The landowners claimed that the rights arising from the servitudes acquired when the Jacques‑Cartier–Duvernay line was constructed were limited to that one line only between those two substations, and they subsequently blocked access to Hydro-Québec for the purposes of constructing a second line.
During the trial the landowners learned for the first time of the redirection of the Jacques‑Cartier–Duvernay line, and amended their proceedings to claim that not only could Hydro-Québec not add a second line over their properties, but that Hydro-Québec had illegally modified the old line that connected the Jacques-Cartier and the Duvernay substations, which was specified in the expropriation orders. They also claimed damages for the unintended use of the original rights.
The majority of the Quebec Court of Appeal, in overturning the trial judge’s decision in favour of Hydro-Québec, agreed and ordered that “Hydro-Québec had to remedy the situation 37 years after the fact,” says Marseille.
But the Court of Appeal was wrong, the Supreme Court found.

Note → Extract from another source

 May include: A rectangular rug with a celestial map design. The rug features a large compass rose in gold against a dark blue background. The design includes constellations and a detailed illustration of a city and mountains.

“Having unduly limited the appellant’s rights on the respondents’ land to the Jacques‑Cartier–Duvernay line, the Court of Appeal concluded that the redirection of that line to the La Vérendrye substation in the early 1980s was incompatible with the servitudes,” wrote Justice Suzanne Côté in her reasons, with Chief Justice Richard Wagner and Justices Rosalie Abella, Michael Moldaver, Andromache Karakatsanis, Russell Brown and Sheilah Martin agreeing.
“The appellant submits that this conclusion seriously compromises the principle of stability of real rights on which the evolution of its system depends, especially given that redirecting an electrical transmission line to another substation has no effect on the situation of the servient land. As for the respondents, they see this change as a substitution for the dominant land.”
The Court of Appeal erred in concluding that the appellant “’is using the line for a purpose other than the one provided for in the act of servitude,’” Justice Côté found. “The servitudes at issue must be analyzed in light of the agreements subsequent to the notices of expropriation, and those agreements contain no restrictions as to the origin of the electricity. They grant the right to … “place, replace, maintain and operate, on the said servient land, three (3) high‑ or low‑voltage electrical transmission line(s), and communication lines.”
A servitude acquired by expropriation is, according to the Civil Code, established by the operation of law, but neither law nor public order bars the expropriating party and the expropriated party from clarifying or modifying a servitude by mutual agreement. This means that notices of expropriation do not preclude parties from negotiating conventional servitudes as a matter of law, as had occurred in this case. And because servitudes (or easements elsewhere in Canada) are registered in land titles, any owner buying property with servitudes would be notified of such prior to purchase, and “the value of the property will be discounted accordingly,” Marseille notes.
“We argued that Hydro-Québec is building a huge network here, crucial to the economy of Quebec,” he adds. “The real rights that were established over a period of 50 years [since 1972 is] a principle that the Supreme Court has accepted now, of the stability of real rights. … And the Court of Appeal cannot come [along with] a decision 50 years after the fact and change the landscape.”
The decision also recognizes the need for Hydro-Québec – and other electricity providers – to “constantly improve its infrastructure” and replace aging power stations with new ones, he adds.